Despite proper planning, Carver decided to make his debut on December 21st instead of December 23rd. Mom and Dad arrived early that morning and we spent the day running errands. Around 5:15 p.m., with no prior warning my water broke. Luckily I was at home and in the bathroom, therefore on a tile floor. Not so lucky was the fact that the water breaking equaled a flood of biblical proportions. My midwife had informed me that due to my elevated level of amniotic fluid to expect a flood but I was completely unprepared for what happened. The toilet was flooded, the entire bathroom was flooded, blankets, towels, our comforter, etc were all completely soaked through. After a quick visit from the paramedics (to ensure the umbilical cord had not also been flushed out in the tidal wave) we were off to the hospital.

I have almost no memory from the drive to the hospital except being so stressed that I was wearing Daniel's sweatpants, my hair was dirty, I needed to shave my legs, and I was covered head to toe (literally) in amniotic fluid.

Within 1 hour of arriving at the hospital sweet baby Carver had arrived. The entire process was amazing in its quickness. The best thing I can say about the c-section is that it did not last long. The experience was less than pleasant. No pain, but otherwise I could feel every movement, tug, pull, stretching, etc. A most bizarre and difficult to describe experience.
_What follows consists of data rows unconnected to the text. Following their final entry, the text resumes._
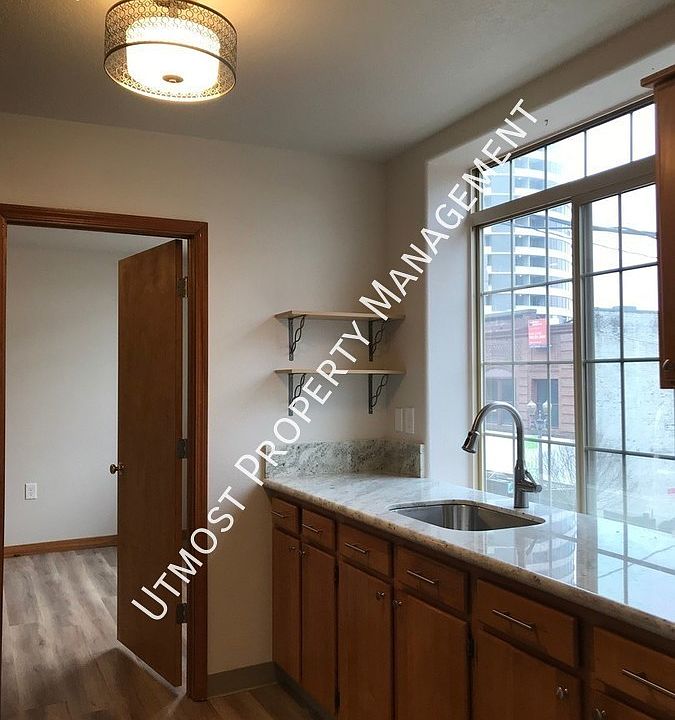 1st image of 615 Main St APT 201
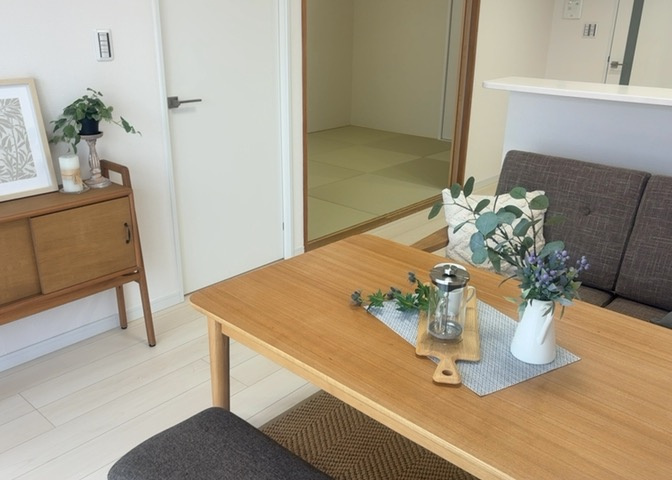直線タイプはLとDKを一直線に並べた形で対面キッチンのタイプです。一般的なのでよく見かけるかもしれません。直線タイプに似た直接アイランドタイプは、キッチンとダイニングの間に壁がない分広く感じられます。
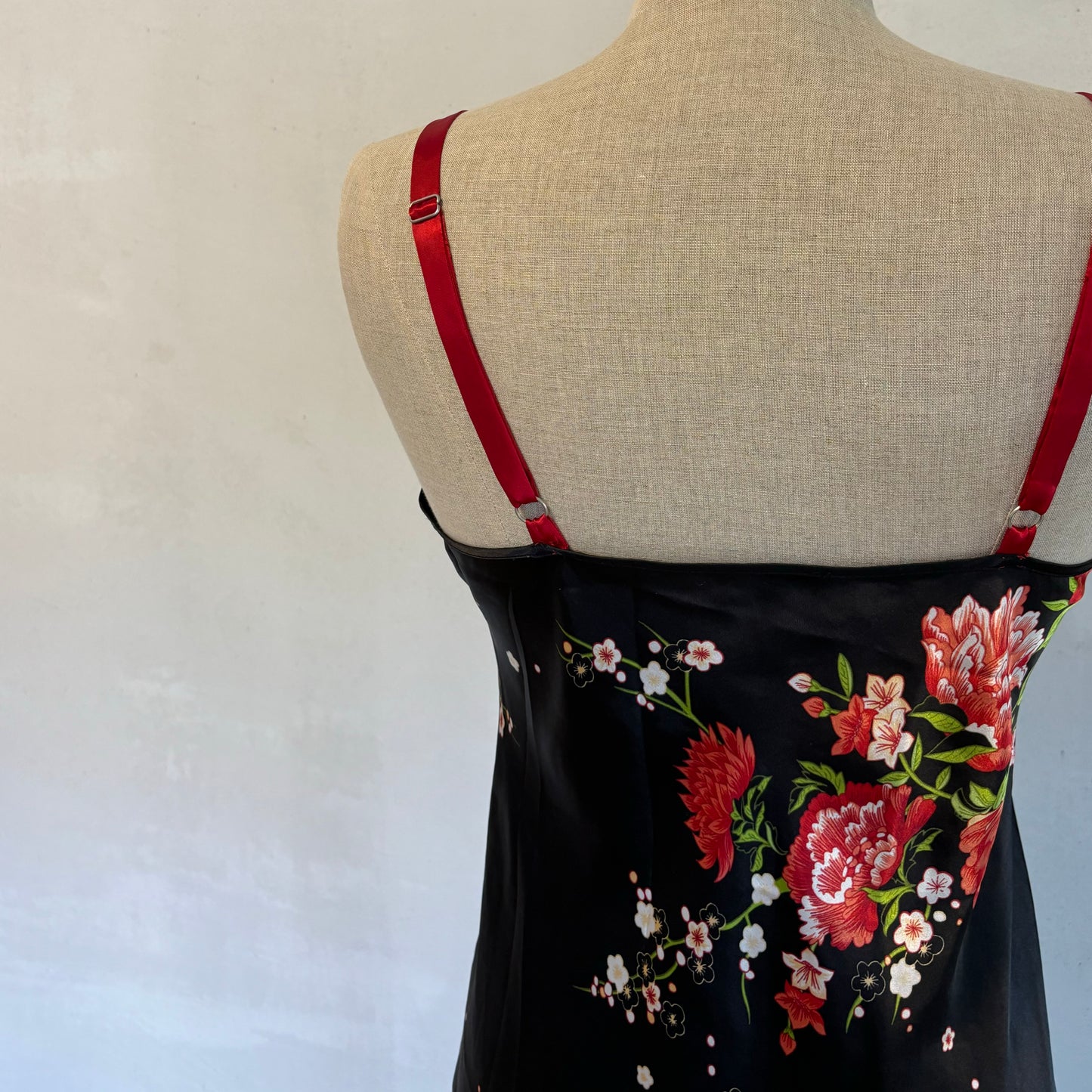Robe fleurie en satin (M)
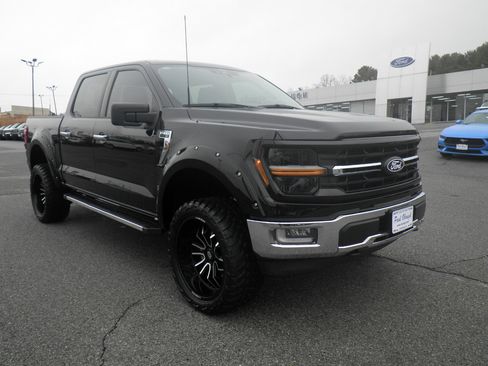 Used 2025 Ford F150 XLT w/ Equipment Group 301A Standard image 1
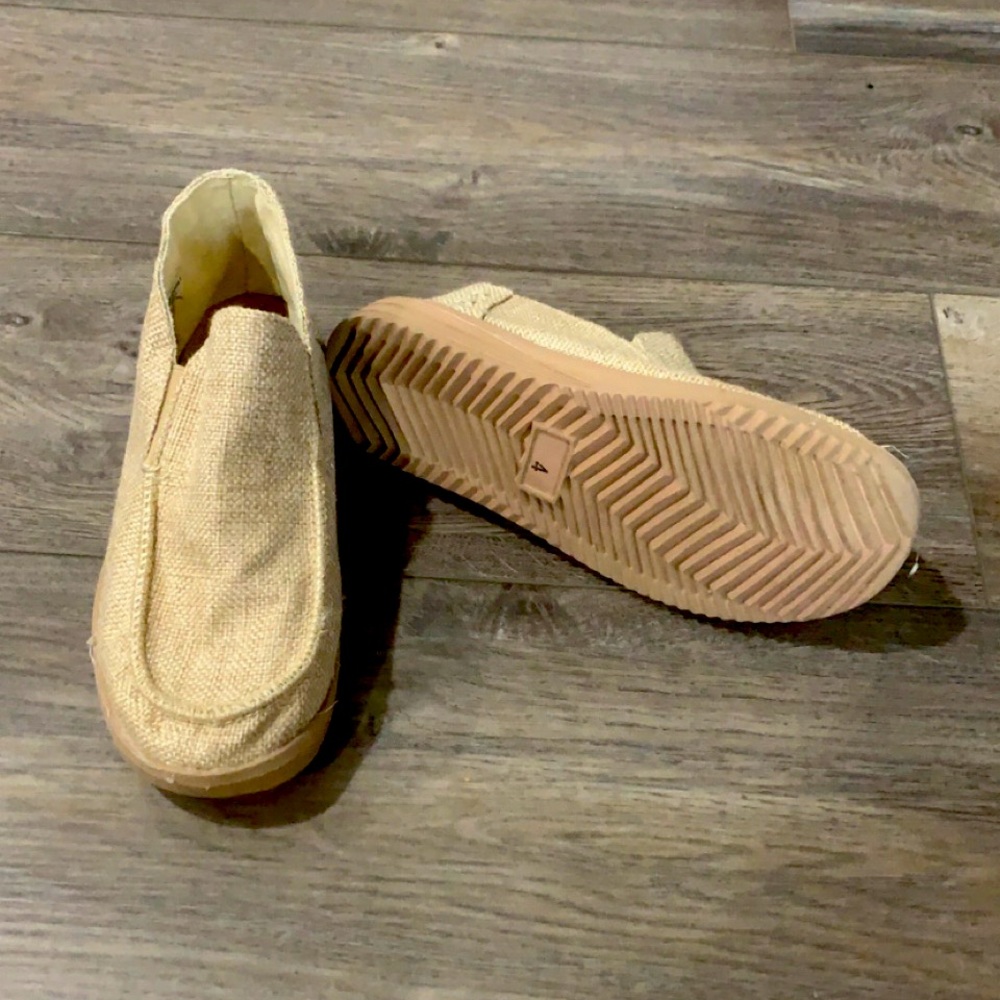Girls size 4 slip on shoes
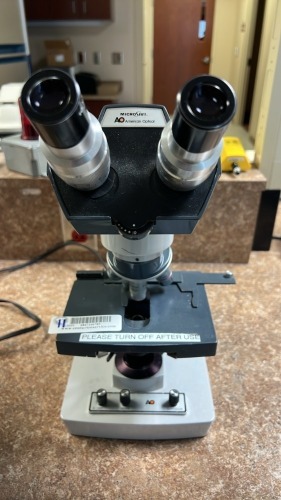 AMERICAN OPITICAL MIRCO STAR LAB MICROSCOPE 10X EYE PIECES WITH 4 OBJECTIVES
After starting to panic on the operating table I was kindly given a low dose of narcotics and the rest of the evening passed in a blur.

The next 24 hours were spent in a haze of magnesium sulfate (i.e. satan in liquid form). They said I would feel "blah" while on the drug which was a laughable understatement. I felt like I couldn't think or speak properly, even my eyes would barely focus. I think the c-section would have been quite tolerable had I not developed preeclampsia and required the magnesium.

Lucky for me Daniel was GREAT. He had to do literally all of the work with Carver while I was in the hospital. I covered the feedings of course, but that's it. Daniel did all of the diapers and holding and soothing of tears. I never would have survived this experience without him and I am beyond blessed by how well he took care of both of us for those few days (and continues to do so now). Daniel took to fatherhood like it was the most natural transition in the world. I couldn't possibly love or appreciate him more than I do right now. He amazed me.

Carver is the cutest, most precious baby in the world (no bias here). The immediate love felt for a child is almost frightening in its strength. He is a blessing and a joy and I am humbled that he is ours, that God gave us this most amazing gift. I pray that we can be all for this child that we need to be, that God will protect him and keep him healthy and whole. That we will never take for granted that every day, no every moment with him is a precious gift. My love for this child is overwhelming. I can't wait to introduce him to the world.